Elaine Keenan Bengts, Information and Privacy Commissioner of Nunavut, wants the Government of Nunavut to help municipalities improve access to public information records. (FILE PHOTO)
Nunavut’s privacy watchdog is calling on the Government of Nunavut to make changes to the way people are able to access information from their municipal governments.
Municipalities aren’t “up to the task” when people request public records and the “process needs to start somewhere,” Elaine Keenan Bengts, the Nunavut Information and Privacy Commissioner, said in her 2012-13 annual report, tabled during the recent session of the Nunavut legislature.
“Once again, I would also encourage the GN of finding a way to provide municipalities with the tools that they need to implement consistent and system-wide rules and policies on access and privacy matters,” Keenan Bengts said.
Keenan Bengts said municipal officials have “highlighted the problems which municipalities would have being able to respond to a historical request for access to information.”
She also said that implementing privacy standards would have “little impact” on municipal “bottom lines.”
Her recommendations include amending the Access to Information and Protection of Privacy Act to include municipalities under the act.
Keenan Bengts also recommended “the GN provide municipalities with ongoing assistance and financial resources to establish appropriate records managements systems with a view to including all municipalities under part one of the act within the next five years.”
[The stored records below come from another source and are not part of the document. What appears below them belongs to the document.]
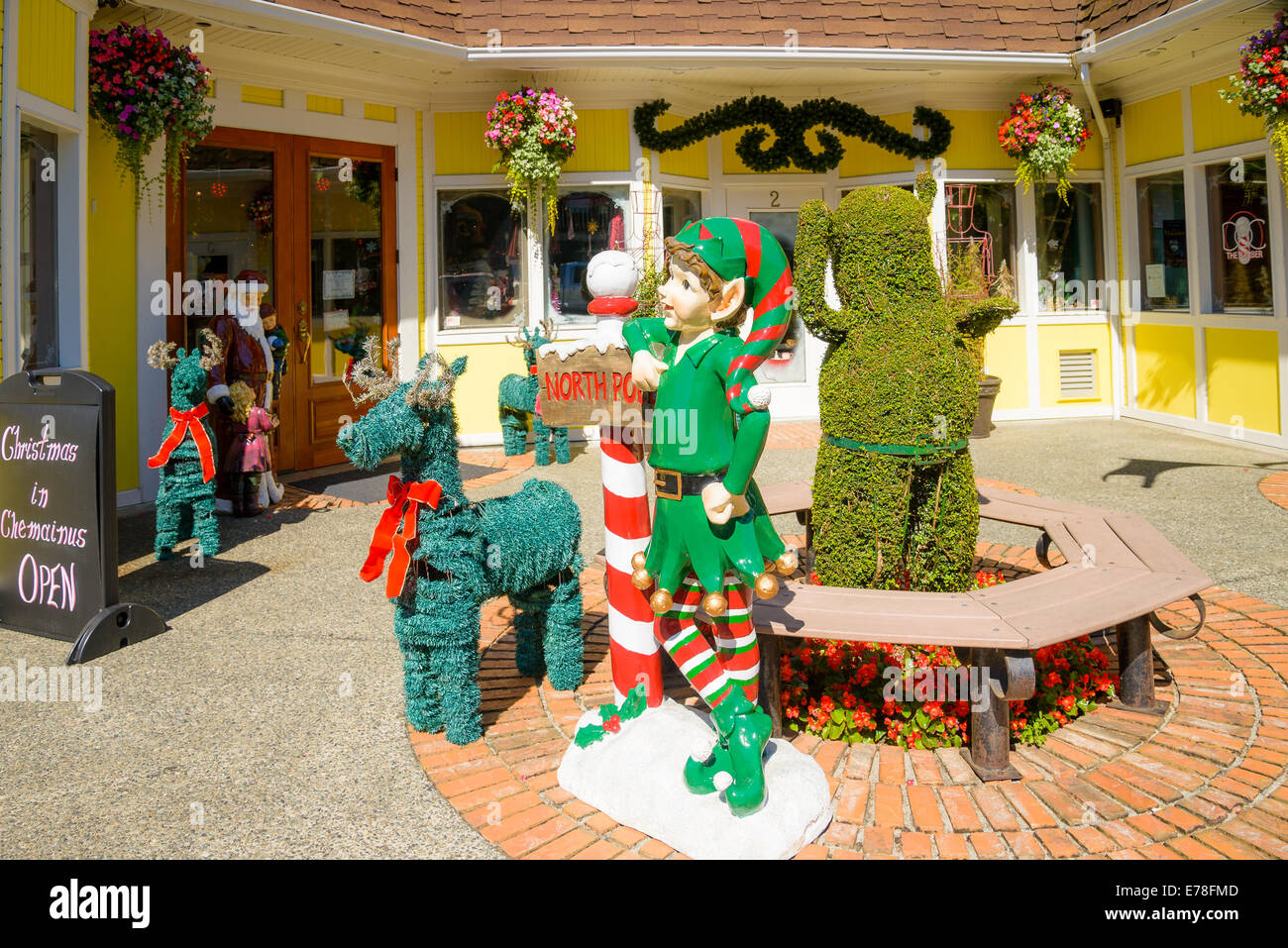 Elf natale e renne al di fuori del negozio di Natale, Chemainus, British Columbia, Canada Foto Stock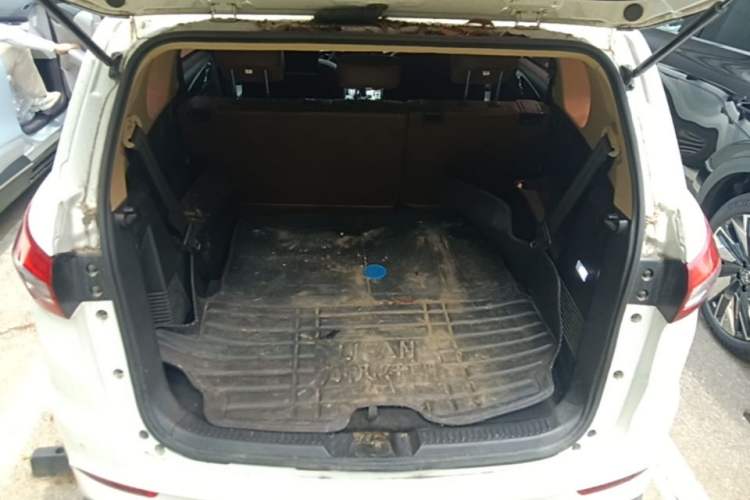 Used Lifan Auto Xuanlang 2017 2.0L CVT Luxury Model Trunk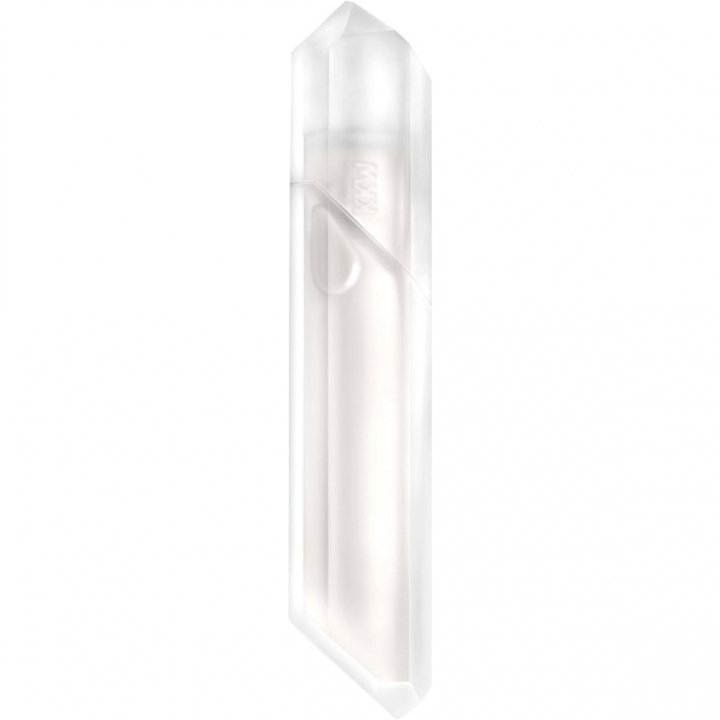 Crystal Gardenia Citrus by KKW Fragrance / Kim Kardashian perfume bottle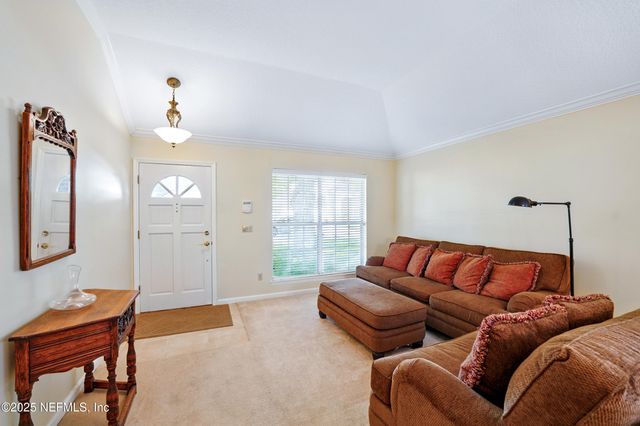 8619 HEATHER RUN Drive S, Jacksonville, FL 32256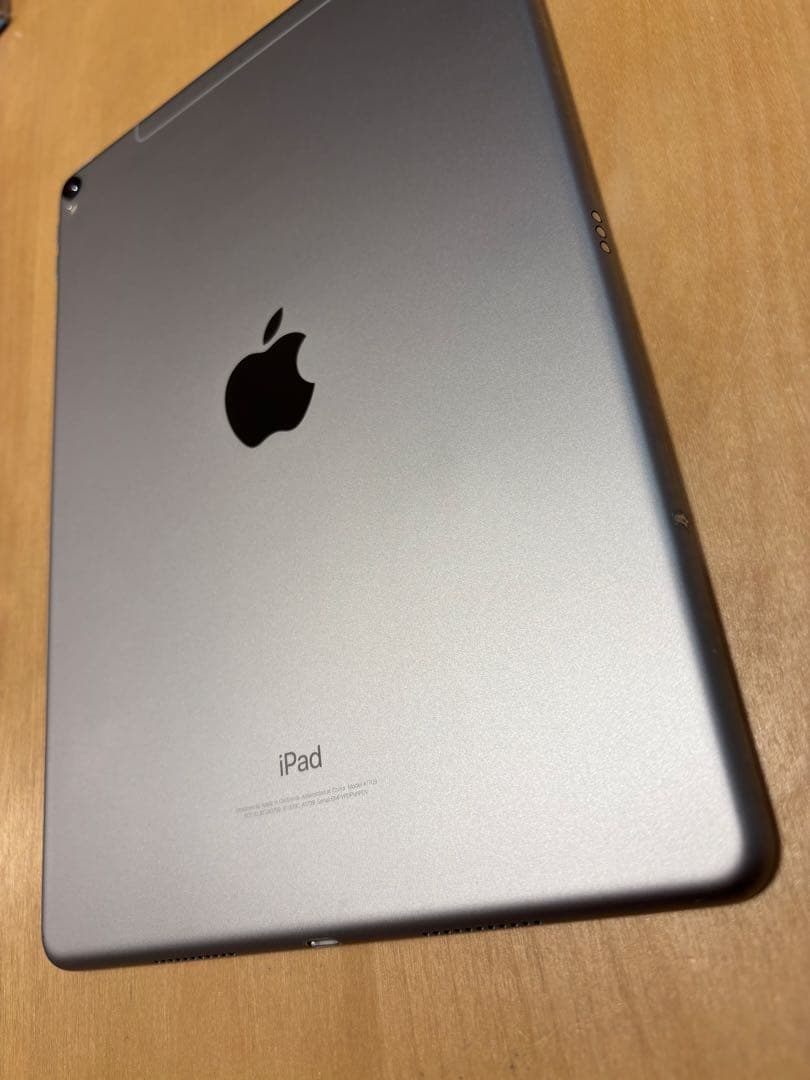 iPad Pro (10.5インチ) 256GB WiFi + セルラー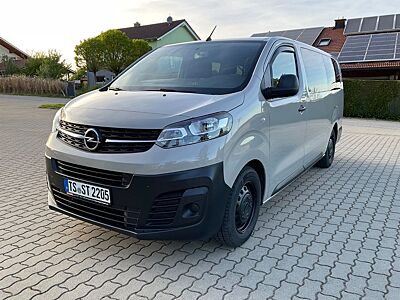 Opel Vivaro Kombi L3 9 Sitzer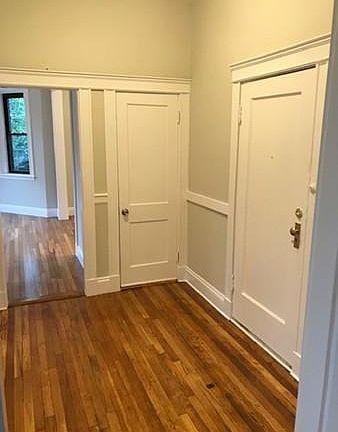 3rd image of 39 Glenville Ave APT 1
The recommendations come just as Iqaluit city councillors have called for more transparency in the city.
In her report, Keenan Bengts warns that she will be “challenging various departments to ensure that privacy is being addressed” in the next few years.
Another particular concern for Keenan Bengts is the privacy of health records in the territory, and how information is collected, stored and disclosed.
“While I have not received a large number of privacy complaints from people dealing with the health sector in Nunavut, I know that there have been breaches and I know that more work can be done,” Keenan Bengts said.
“I will now have the jurisdiction to implement investigations when these issues come to light,” she said.
That’s because in 2012 Bill C-38 — an act to amend the access to information and protection of privacy act — was passed to give more powers to the commissioner.
But Keenan Bengts said that specific privacy legislation should be made to address personal health information, and she said Nunavut “is the only remaining Canadian jurisdiction which does not have such legislation in place or pending.”
During the past year, there have been 21 files opened by the privacy commissioner’s office, which includes access to information requests and privacy reviews.
That’s five times more files opened than in 2010-11.
Most request for reviews went to the health department, the report said.
Keenan Bengts is Nunavut’s first and only privacy commissioner, an independent officer of the legislative assembly of Nunavut, since 1999. She has served as a privacy commissioner for the Northwest Territories since 1997.
The Yellowknife-based lawyer does the work in a part-time capacity.